Hindus believe in the existence of grace (kripa), but even the best saints and philosophers of Hinduism do not quite understand how the grace of Rama works. So I’ll stop here as well.

Beyond theory

Bhakti and realization are independent of philosophy. If we like a specific philosophy or Vedantic commentary and want to use it on our path to God, we can. But all theories are optional; they are not necessary for reaching God.

The Karmic Law Quiz

Many of us believe in the law of karma but do not recognize it. You can answer the questions below to check if you believe in this spiritual law. Please feel free to use a paper.

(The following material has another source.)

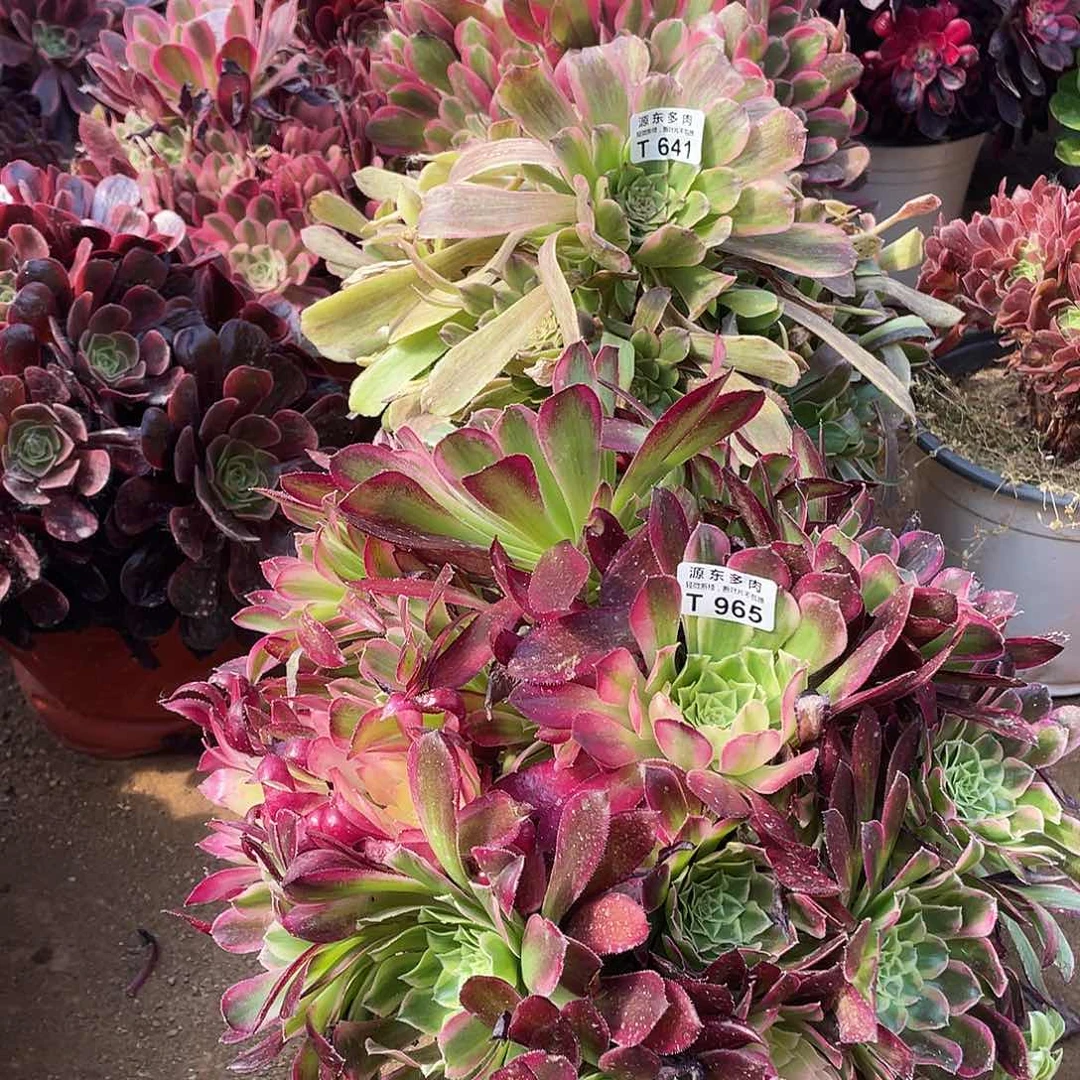 965天河多肉法师断枝不包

Question 1: A guy hits his hand on the firm surface of a table. Do you think his hand will get hurt too?
Question 2: A child is sitting with his parents and eating a sandwich. A guy enters the room and throws the child’s lunch box on the floor. The kid starts crying. Do you think that there would be some negative consequences for this guy?
Question 3: The child is now sitting in an empty room (with no one around). The guy throws the child’s lunch box on the floor. The kid starts crying. Do you still think that the event would somehow affect the guy in the future?
(Skip the questions below if you said No to Question 3.)
Question 4: A guy sees a child eating a sandwich and gets irritated for no reason. Rather than throwing the child’s lunch box or saying anything to the child, he starts cursing the innocent child in his own mind. Do think that Nature would still teach the guy a few things about kindness?
Question 5: Do you think that if the guy in Question 3 did not learn the significance of kindness in the present lifetime, Nature would get back to him in the next lifetime?

Key
If you said Yes to Question 1, you believe in the well-established scientific law that is often worded similarly to the karmic law.
If you said Yes to Question 2, you believe that negative consequences follow a wrong action, at least when human observers are present.
If you said Yes to Question 3, you believe in the karmic law; you probably believe that Nature is always watching everyone’s actions.
If you said Yes to Question 4, you believe in the karmic law and believe that karma includes all thought processes.
If you said Yes to Question 5, you believe in the karmic law and the reincarnation principle, which work together in Hinduism.

Disclaimer: It is better to trust the Divine than a human understanding of any spiritual law. Also, the final aim of Hindu life is to transcend karma.